1) Articulate an important and timely informatics question. Be forward-thinking. Know what is hot and what is going to be hot. Make sure that answering your particular scientific question will have an impact on biomedical research or clinical practice.

2) Propose new and novel informatics methods. Innovation very important. Know the literature and where your new method fits in. If you are havng trouble coming up with a truly innovative approach you might try combining existing methods in innovative ways. This is less exciting but much better than an incremental improvement on an existing approach.

3) Avoid purely applied software engineering projects. In other words, don't focus your grant only on building a database, web server or software package. The majority of the grant must be focused on new and novel algorithms or methods. NLM is looking for new informatics methods. They sometimes have separate RFAs for resource development grants (e.g. G08 mechanism).

4) Compare your algorithm or method to state of the art in field. Don't just propose a new algorithm or method. You need to have a baseline approach to compare it to. How do you know that your novel method is going to work better that what people are currently using?

5) A solid plan for how you will evaluate your novel informatics method is critical. How will you know whether your approach is truly working better than the state of the art in the field? Be very specific about how you will evaluate your approach and what the criteria are for concluding it is indeed working.

6) Application to real data is important. Simulation studies are necessary but not sufficient. Describe the biomedical data you will analyze and how you will improve your method based on results. Don't forget the details of how you will actually do the analysis. What significance criteria will you use?

7) Provide as many details as possible about your new and novel informatics algorithm or method given space constraints. Reviewers are unlikely to give you the benefit of the doubt, especially if you are a junior investigator with a poor track record. Tell the reviewers exactly how you are going to develop, extend, modify, apply and evaluate your informatics approach.
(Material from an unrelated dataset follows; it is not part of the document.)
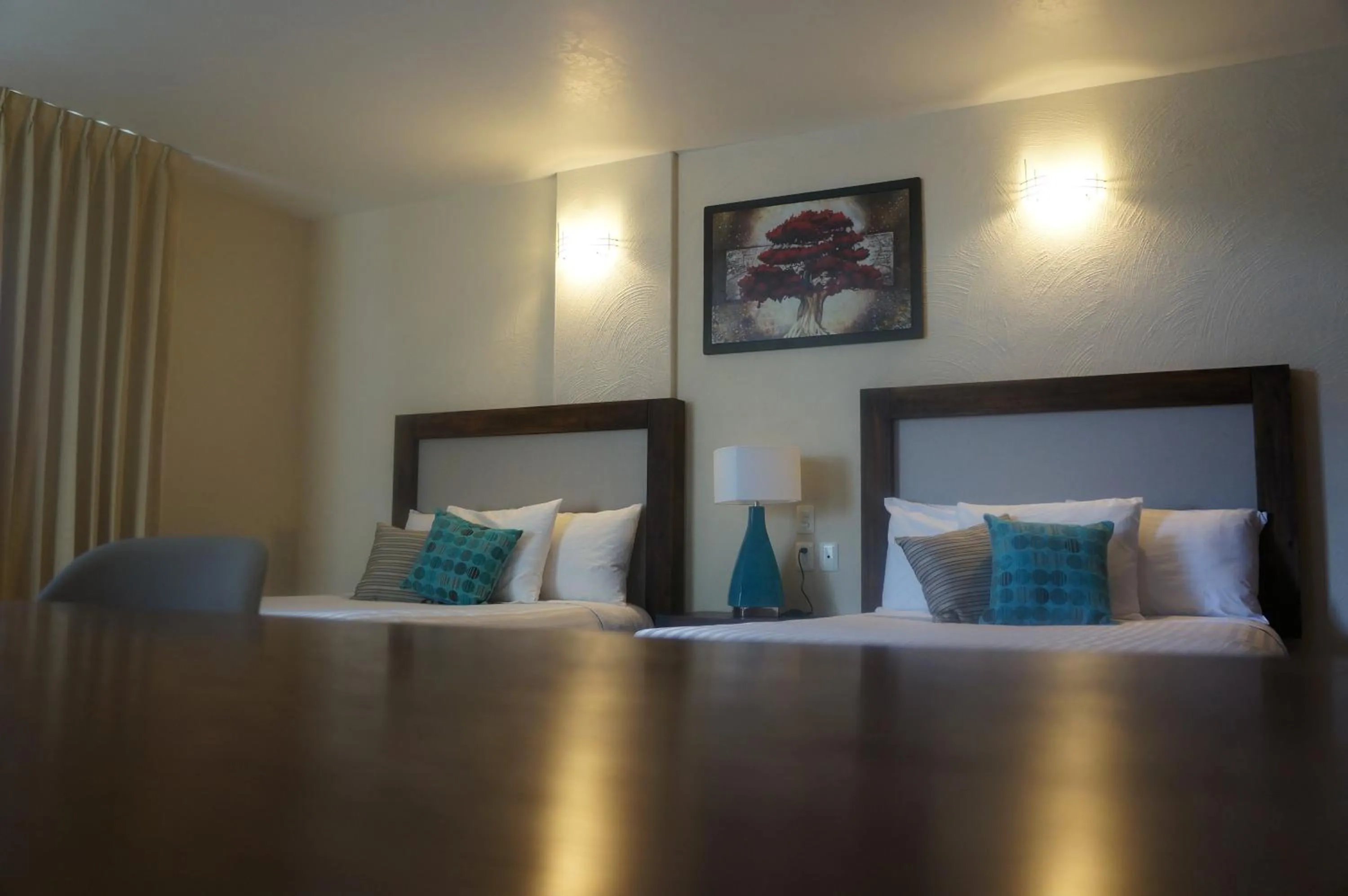 Bed in Hotel Mirante Tlaxcala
8) Be productive! Reviewers want to see a good paper trail from your previous faculty, postdoc and graduate student research. Your reviewers need to be convinced that if you are awarded a grant that you will actually make a contribution to the literature. It is well worth those extra evenings and weekends to get your papers submitted.

9) Innovation and approach have the biggest impact on your final score. The NLM did a factor analysis of scores for significance, innovation, approach, investigator and environment and their relationship with overall impact score. Innovation and approach had the highest correlation with the overall score. I agree with this completely based on my experience serving on BLIRC.

10) Make sure you have good collaborators with real effort budgeted to cover your weaknesses. It is often the case that a junior investigator will add a well-established senior investigator to the grant thinking the name recognition will help. This does not help and is seen as a negative if the senior person does not have real effort budgeted on the grant. Make sure your senior collaborator can contribute at least 5% effort and preferably 10% or more. Otherwise, noone will believe that the senior person will actually do any real work.